Continuous Compliance Through Automation
- Evidence-Based: Every finding includes concrete evidence (resource configurations, API queries, scan results)
- Multi-Framework Mapping: Execute checks once, map results to CIS, NIST, ISO 27001, SOC 2, and custom frameworks
- Risk-Prioritized: Findings are scored by severity and risk, enabling efficient remediation
- Auditor-Ready: Reports include detailed evidence trails and remediation guidance suitable for compliance audits
- Extensible: Add custom frameworks and checks without code changes via YAML configuration
| Framework | Version | Coverage | Use Case |
|---|---|---|---|
| CIS Kubernetes Benchmark | v1.8 | 50+ controls | Security hardening baseline |
| NIST SP 800-53 | Rev 5 | Access Control, System Protection | Federal and government compliance |
| ISO/IEC 27001 | 2022 | Access Control, Operations Security | International security management |
| SOC 2 | Type II | Logical Access, System Operations | Service organization controls |
CIS Kubernetes Benchmark v1.8
- Control Plane Security (API Server, etcd, Controller Manager)

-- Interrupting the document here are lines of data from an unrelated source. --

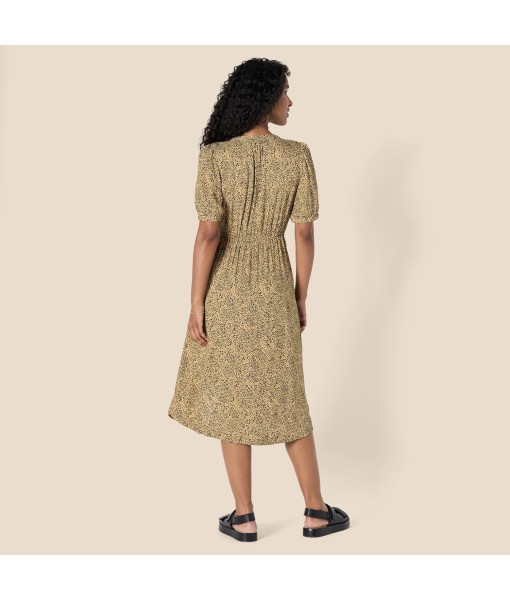 Amazon Essentials Women's Fit and Flare Half-Sleeve Waisted Midi A-Line Dress with Pockets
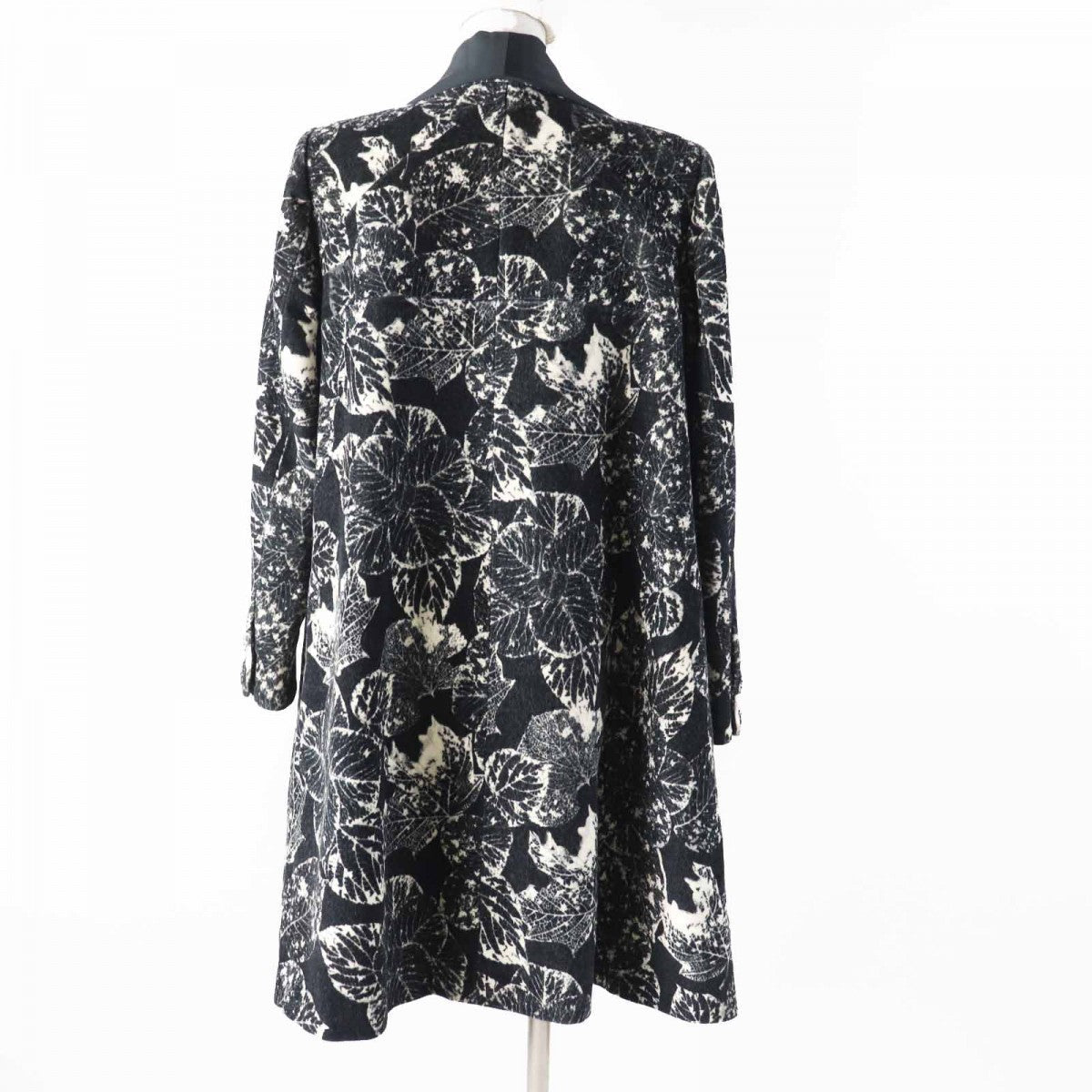 CHANEL coat P60011 Main: 100% cotton, Lining: 100% silk, Part: 100% silk Black light beige Women 38
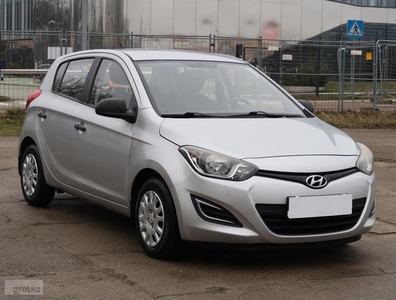 Hyundai i20 , Salon Polska, Klima, Parktronic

- Node Security Configuration
- RBAC and Service Account Security
- Pod Security Standards and Policies
- Network Policies and Namespace Isolation
- Encryption at Rest and in Transit
NIST SP 800-53 Rev 5
- Access Control (AC-3, AC-6, AC-7)
- System and Communications Protection (SC-7, SC-8, SC-12)
- Configuration Management (CM-2, CM-6, CM-7)
- Audit and Accountability (AU-2, AU-3)
ISO/IEC 27001:2022
- Access Control (A.9.2, A.9.4)
- Operations Security (A.12.2, A.12.4)
- Communications Security (A.13.1, A.13.2)
- System Acquisition, Development, and Maintenance (A.14.2)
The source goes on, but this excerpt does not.